# taz.de -- Demographin über Bremer Nachwuchs: „Das haben wir nicht kommen sehen“
       
       > Die Demographin Eva Kibele vom Landesamt für Statistik erläutert, warum
       > so viele Kita-Plätze fehlen und wieso niemand mit einer steigenden
       > Geburtenrate rechnete.
       
 (IMG) Bild: Verkalkuliert: Die Leine ist nicht lang genug für alle T-Shirts und Strampler
       
       Frau Kibele, in Bremen fehlen in den kommenden zwei Jahren 3.800
       Kita-Plätze, künftig soll es 18 Prozent mehr Grundschüler geben. Warum
       haben Sie das nicht kommen sehen? 
       
       Eva Kibele: Wenn man die Geburtenzahlen anschaut, gibt es verschiedene
       Entwicklungen. Wir wussten, dass es derzeit eine hohe Anzahl von Frauen im
       gebärfähigen Alter gibt – nämlich die Kinder der Baby-Boomer. Aber dass
       dazu noch die Geburtenrate ansteigt, haben wir nicht kommen sehen. Der
       Trend ist neu. Ein dritter Faktor ist mehr Zuwanderung. Zusammen führt das
       zu einem deutlichen Anstieg der Geburtenzahlen.
       
       Aber man wusste doch, dass die Kinder der geburtenstarken Jahrgänge, der
       sogenannten Baby-Boomer, irgendwann geschlechtsreif sind. Wieso kann es
       dann überraschend sein, dass es jetzt zu mehr Geburten kommt? 
       
       Den Anstieg der Rate konnte man vor zwei Jahren natürlich auch schon
       erkennen.

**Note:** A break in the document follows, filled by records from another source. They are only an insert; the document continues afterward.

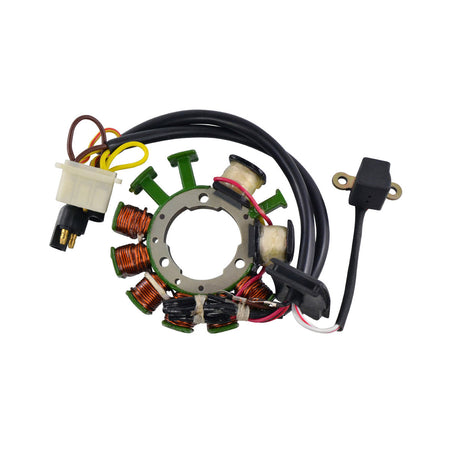 Photo of Magneto Stator for Polaris XC 600 Euro / XCR 600 / XLT EURO RML LT SKS SP 1993-1997 by RM STATOR - Premium for UTVs / Side by Sides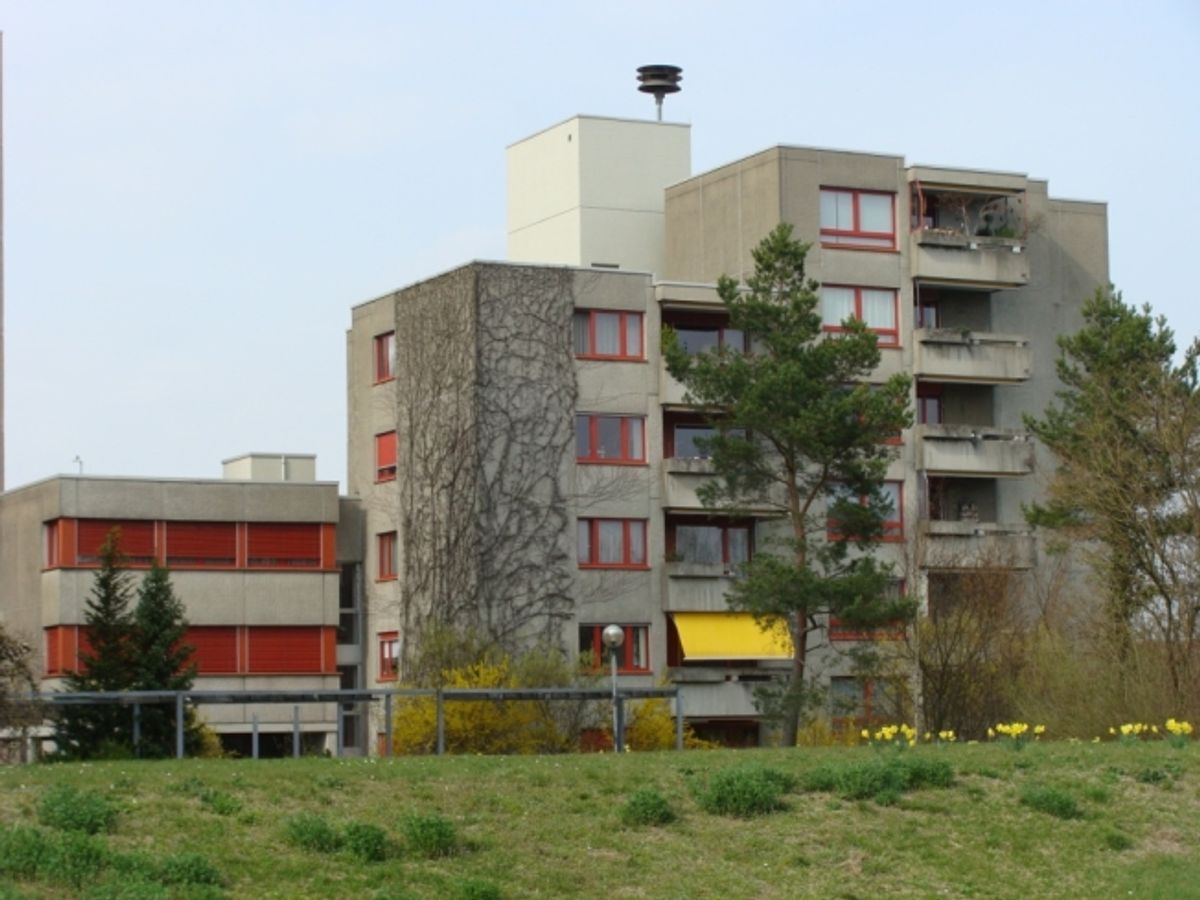 Grösszügige, moderne 4.5 Zimmer-Wohnung "Mieten ohne Kaution" - 0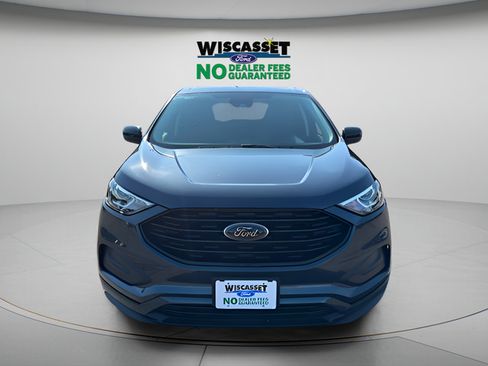Used 2024 Ford Edge SE w/ Black Appearance Package AWD/4WD image 18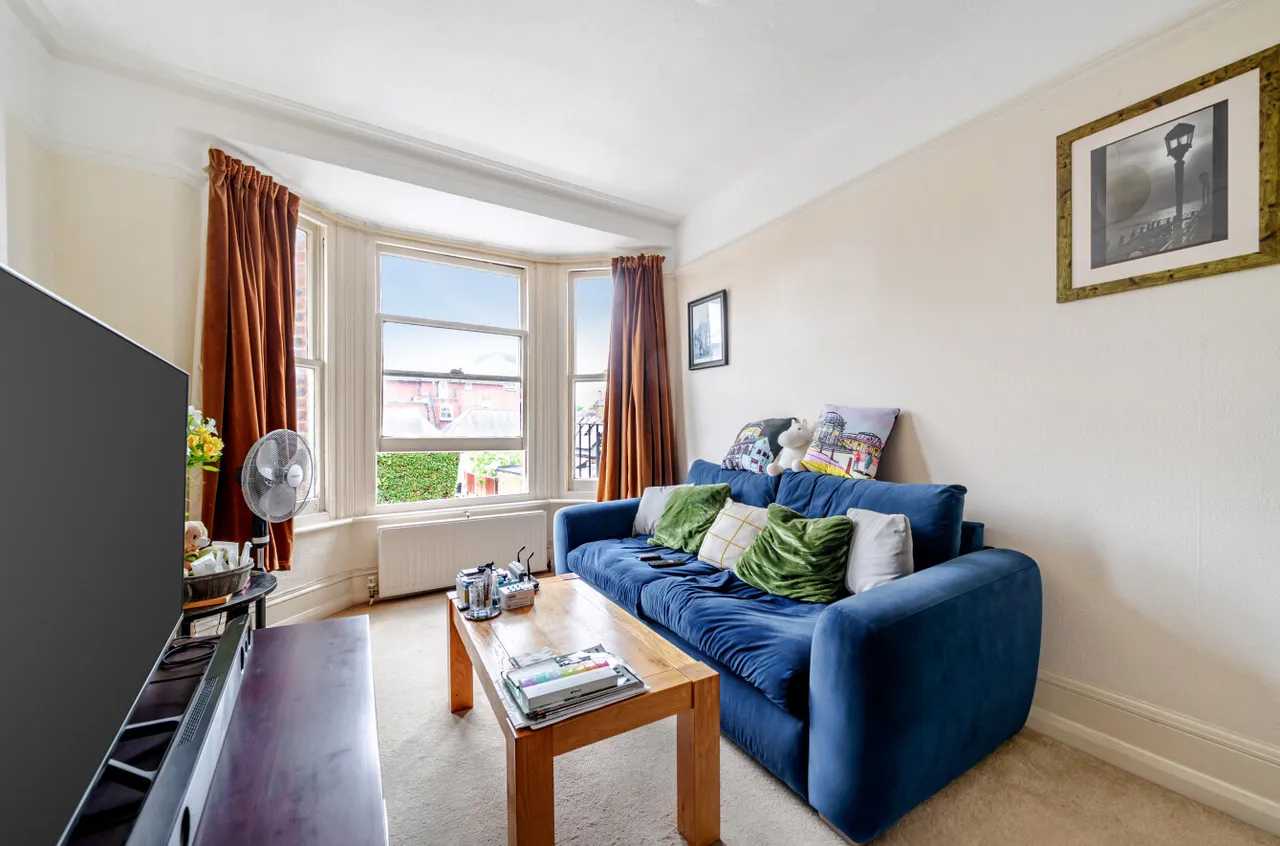 Salisbury Road, Worthing, BN11, photo 3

Aber wir haben Zeitreihen seit 1970 und immer wieder gibt es
       Schwankungen. Auf einen kurzfristigen Anstieg folgte oft ein Rückgang. Und
       vor zwei Jahren war die Frage: Wie konstant würde dieser Trend sein? Heute
       können wir guten Gewissens sagen: Die Rate bleibt wohl auf einem höheren
       Niveau. Aber Vorausberechnungen sind immer mit Unsicherheiten behaftet.
       
       Also: Prognosen sind immer schwer, wenn sie die Zukunft betreffen. Hätten
       Sie nicht mit den aktuellen Zahlen zumindest früher Alarm schlagen können? 
       
       Es ist problematisch und unwissenschaftlich, sich allein auf eine
       kurzfristige Veränderung zu stützen. Nach einem größeren Zeitraum ist das
       etwas anderes.
       
       Aber trotz steigender Geburtenrate wurde die Versorgung seit 2013 nicht
       ausgebaut. Gibt es keinen kurzen Dienstweg in die Behörden oder haben die
       zu langsam reagiert? 
       
       Im Statistischen Landesamt produzieren und veröffentlichen wir Daten, auch
       die Bevölkerungsstatistik. Durch eine bundesweite Verfahrensumstellung
       konnten die aktuellen Bevölkerungszahlen nur mit etwas Verzögerung
       veröffentlicht werden.
       
       Aber es kann doch nicht so schwer sein, Geburten zu zählen. 
       
       Wir erheben ja nicht nur Geburtenzahlen, sondern beschreiben die
       Bevölkerungsentwicklung als Ganzes, das ist schon etwas komplizierter. In
       Bremen kommen auch etwa viele Geburten aus dem Umland hinzu, also Menschen,
       welche nur die medizinische Infrastruktur hier wahrnehmen. Wir müssen
       natürlich Daten mit Wohnortbezug erheben und unsere Daten mit den anderen
       Ländern austauschen.
       
       Ist denn jetzt wenigstens das viel zitierte Schreckgespenst vom
       „demografischen Wandel“ hinfällig? 
       
       Als Demografin schmunzele ich immer über den Begriff „demografischer
       Wandel“. Aus wissenschaftlicher Sicht gibt es, seitdem es Menschen gibt,
       auch immer einen demografischen Wandel. Es kommt darauf an, was man
       darunter versteht. Meistens ist damit vor allem Alterung gemeint.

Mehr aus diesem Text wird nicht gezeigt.